A lot of "the flow" steps really does work as expected, I can ping Claude from an issue, PR, and as a review message. But at the same time it also feels like the GitHub/Claude collaboration mismatches at times.

  • I would prefer it if Claude would wait it's first review until I reviewed the code myself first. Otherwise I might be too influenced by the first review. You might be able to script this behavior but it is not the default.
  • When you make a small change on a PR the Claude will also re-review the work. But it will re-review the entire PR not the small change that you've just added. Again, be prepared to do a lot of scrolling.
  • The text that Claude writes inside of GitHub is bonkers big. Prepare to scroll when you read a review. Maybe claude.md could fix this, but it feels too long for now.
  • You really need to @claude in every response in every thread for it to trigger any work. Replying with a "yes please that" is not enough.
  • It can be hard to know if Claude is working or not. When you respond it can take 30 seconds before you see a reply and sometimes a hard browser refresh seems needed. Some sort of notifier/ping would be nice here.
  • You know how you can write "this pr fixes #issue-id" and then once the PR goes in the issue goes away? That's missing from PRs made by Claude somehow, so you need to do that manually yourself.
  • The claude user makes it's own branch and I noticed that CI checks don't always understand what's going on. There was one instance where I had to commit a small change manually for the CI to run normally.
  • Claude isn't amazing when it comes to fixing ruff linting errors. I think part of the issue is that it doesn't look at the linting errors in the first place. But I could be wrong on that.
  • It's more expensive than I would have thought. One larger PR and one smaller one cost $4.22. It's cheap when you consider the amount of work that it does, but it's less cheap when you realise that it's hard to control the tokens that it uses/emits.

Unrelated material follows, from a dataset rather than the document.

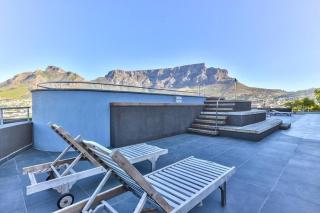 Modern Bo-Kaap Escape Pool and Views - 8
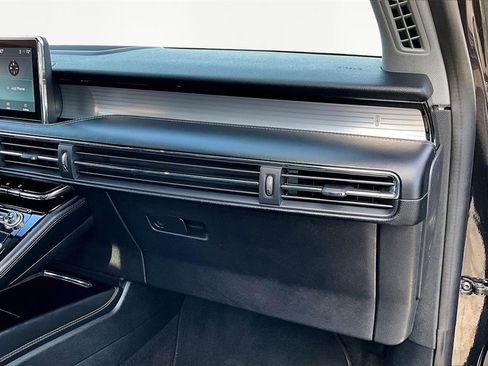 Used 2022 Lincoln Corsair FWD image 17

You also cannot use a Max subscription here and need to do everything via the API. For an open-source project I initially worried this is a risk, but it seems that Claude review only triggers if the original author has write access to the repo (via).
CleanShot 2025-06-13 at 17.18.02.png
It took me a while to figure out that the response only comes if I do @claude here.

A lot of these issues can be fixed over time. But right now, it's not as good as it could be.

I am eager to look towards a future where some of the open-source work could be handed off to Claude asynchronously. The tech in Claude might be close to ready, but the DX with Github ins't there yet. As it stands right now, it might just be more pragmatic to run Claude from the command line locally in a seperate terminal and to check in from there.

For now, I will be turning Claude off on the repo, mainly because it feels like the Cursor offering will work better for me, but who knows ... I might change my mind after a few iterations.